## Exercise objective
When you transcribe the listing that follows, keep every line exact and omit the pictures.

## Raw data
============================================================
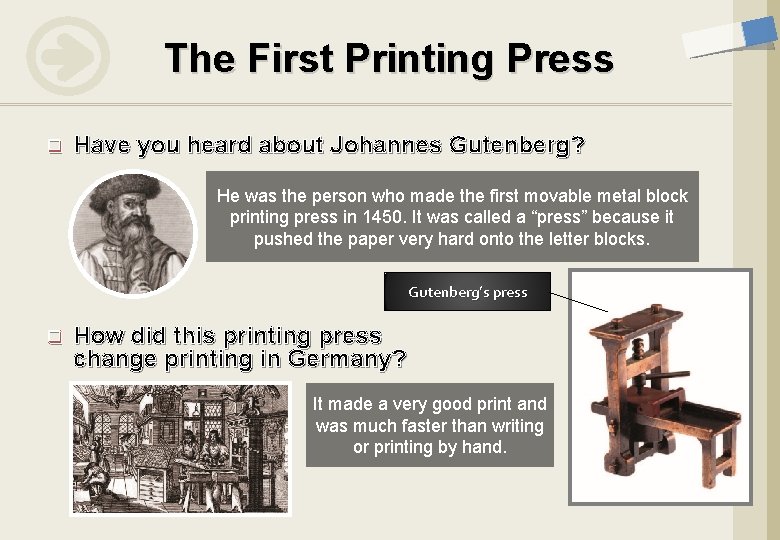 The First Printing Press q Have you heard about Johannes Gutenberg? He was the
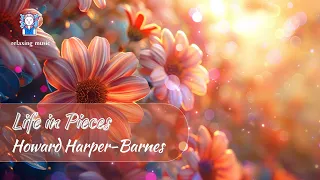 Modern classical | Life in Pieces by Howard Harper Barnes. Epic | relaxing music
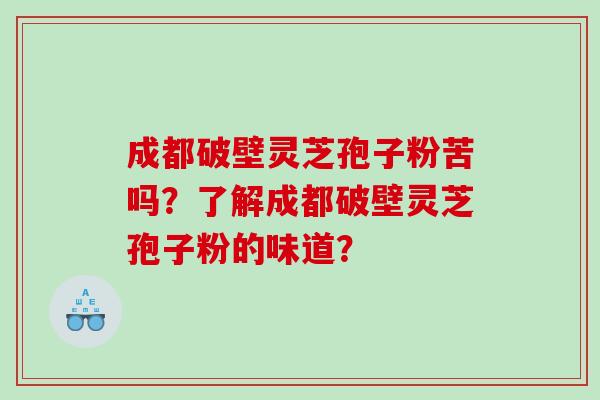 成都破壁灵芝孢子粉苦吗？了解成都破壁灵芝孢子粉的味道？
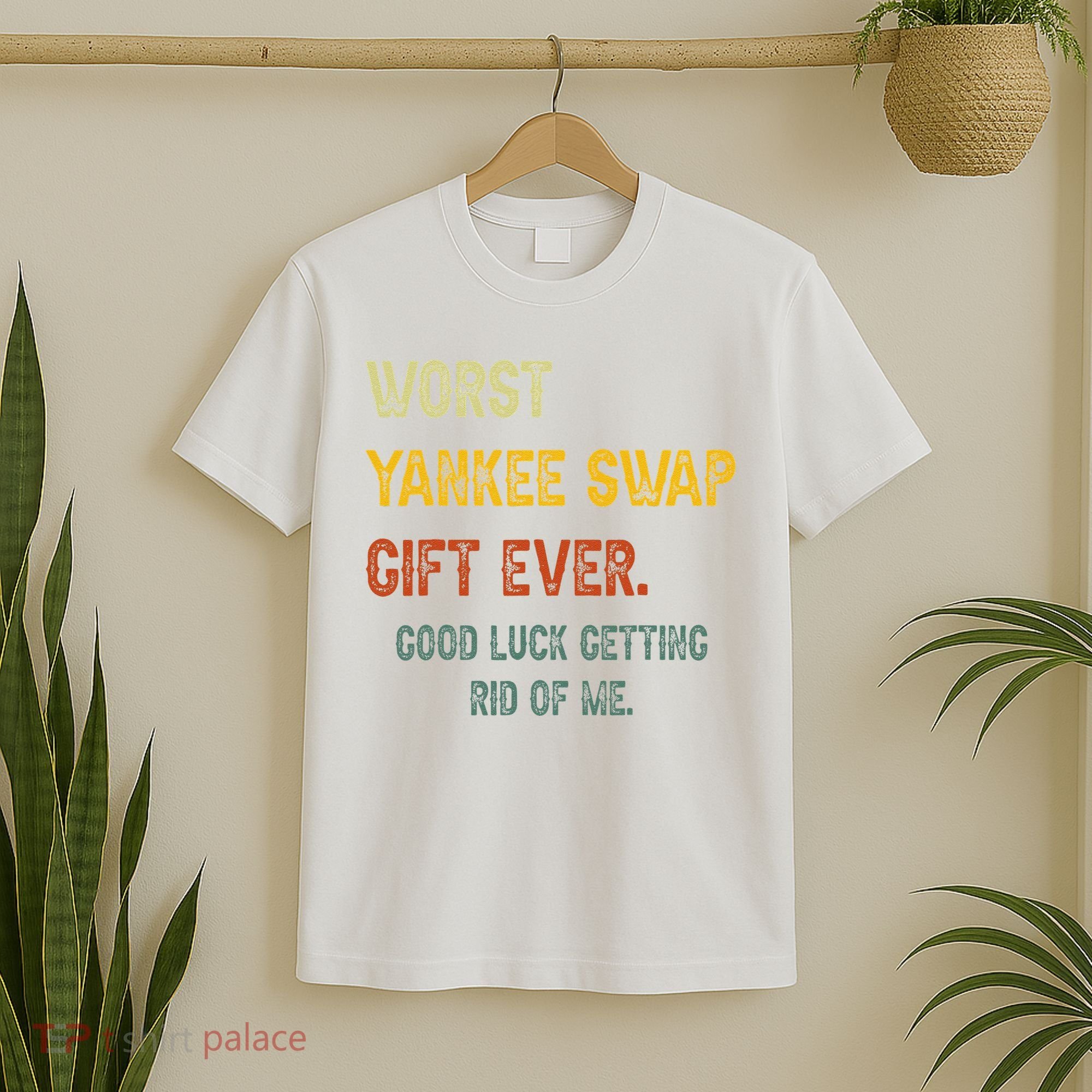 Funny Worst Yankee Swap Gift Ever Vintage Quotes T-Shirt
============================================================
## Task solution
 The First Printing Press q Have you heard about Johannes Gutenberg? He was the
 Modern classical | Life in Pieces by Howard Harper Barnes. Epic | relaxing music
 成都破壁灵芝孢子粉苦吗？了解成都破壁灵芝孢子粉的味道？
 Funny Worst Yankee Swap Gift Ever Vintage Quotes T-Shirt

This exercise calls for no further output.